--- Material to process Enclosed Below ---

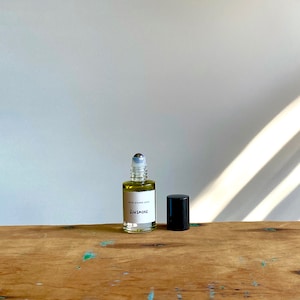 May include: A clear glass roller bottle with a black cap and a white label that reads "PETA MEANS LOVE SUNSMOKE". The bottle is sitting on a wooden surface.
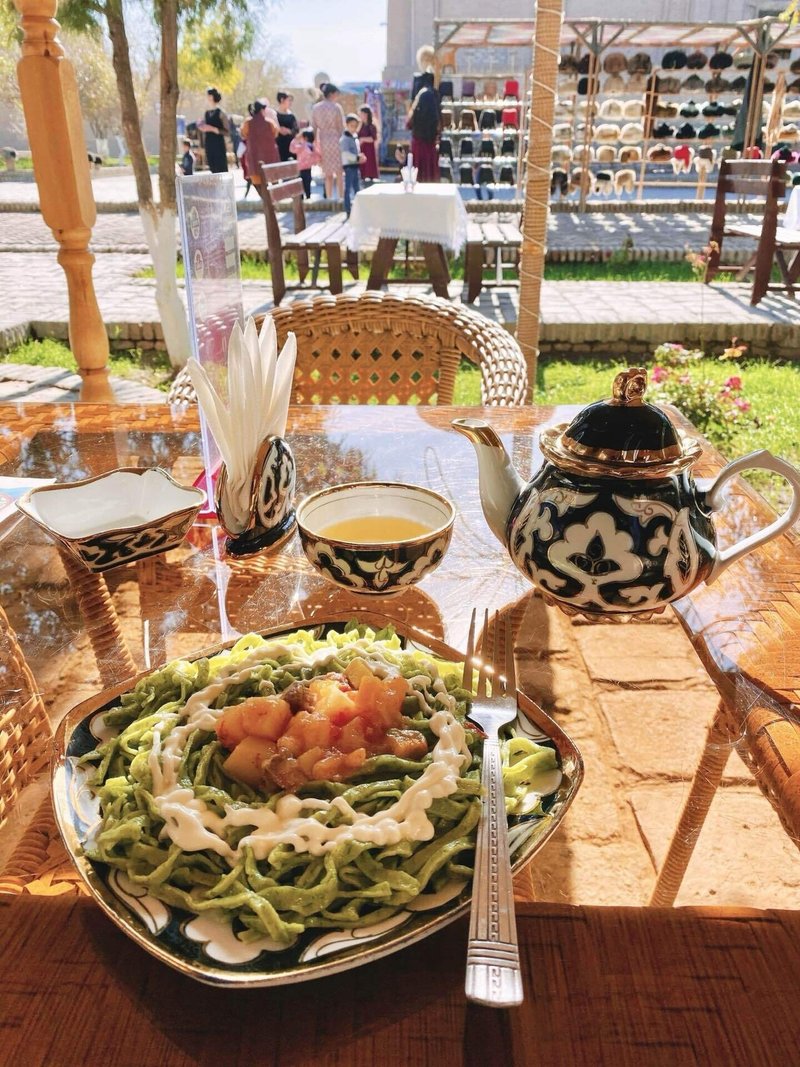 背景は人でにぎわう通り。テーブルの上には緑色の麺の料理が乗ったお皿とフォーク、お茶のポットとカップが置かれている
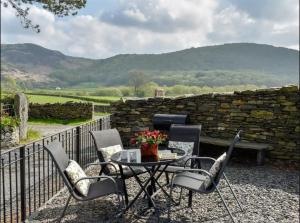 a patio with a table and chairs and a stone wall at Pass the Keys Cosy 2 bedroom cottage near Coniston water in Ulverston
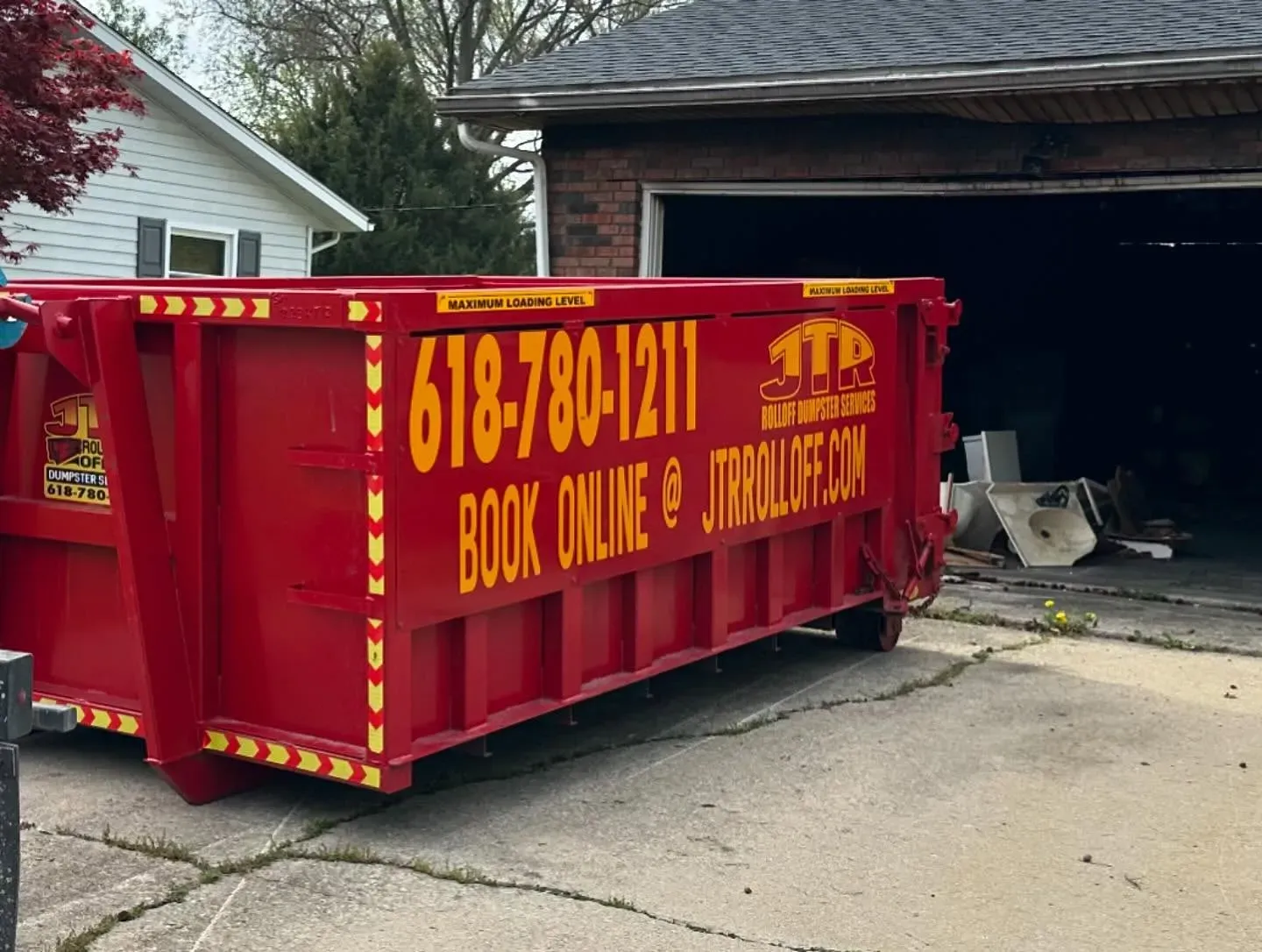 A red dumpster is parked in front of a garage.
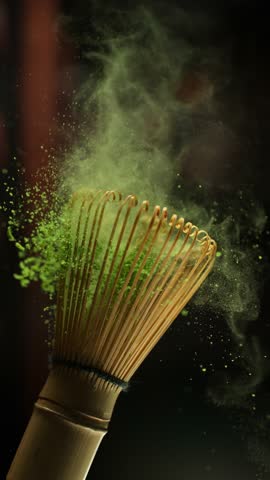 Super Slow Motion Detail Shot of Sprinkling Matcha Powder on Stirrer . Filmed on High Speed Cinematic Camera at 1000 FPS
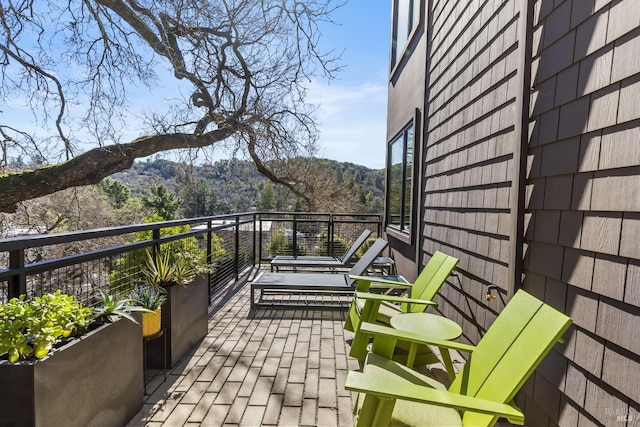 balcony featuring a mountain view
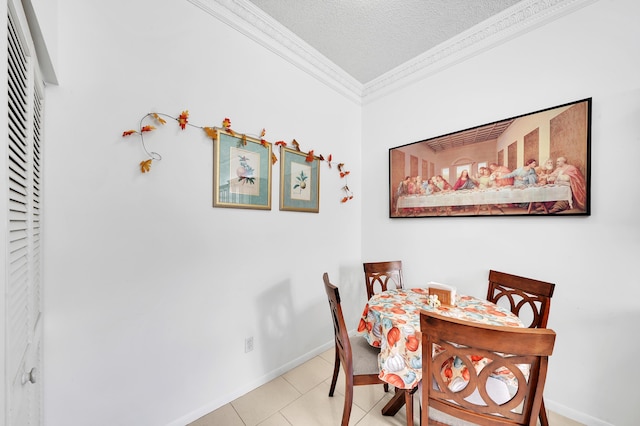 tiled dining area with ornamental molding and a textured ceiling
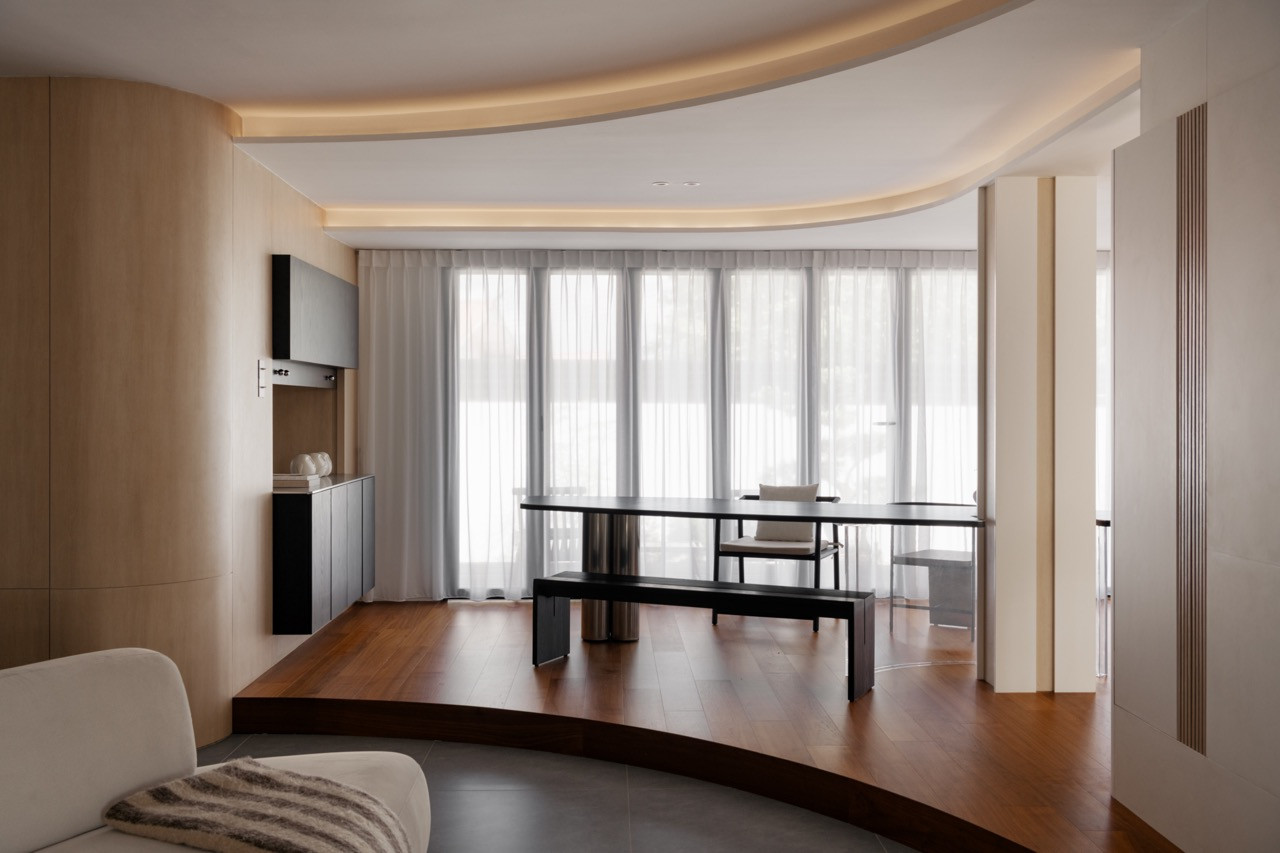 The curved teak timber platform delineates the dining area from the living space, with the corresponding curved ceiling above and large folding doors opening to the garden beyond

--- End of Enclosed Material to process ---

The problem:
Beginning at the line above that contains "背景は人でにぎわう通り。テー", repeat each line exactly through the one that contains "tiled dining area", and leave out the pictures.

Worked solution:
 背景は人でにぎわう通り。テーブルの上には緑色の麺の料理が乗ったお皿とフォーク、お茶のポットとカップが置かれている
 a patio with a table and chairs and a stone wall at Pass the Keys Cosy 2 bedroom cottage near Coniston water in Ulverston
 A red dumpster is parked in front of a garage.
 Super Slow Motion Detail Shot of Sprinkling Matcha Powder on Stirrer . Filmed on High Speed Cinematic Camera at 1000 FPS
 balcony featuring a mountain view
 tiled dining area with ornamental molding and a textured ceiling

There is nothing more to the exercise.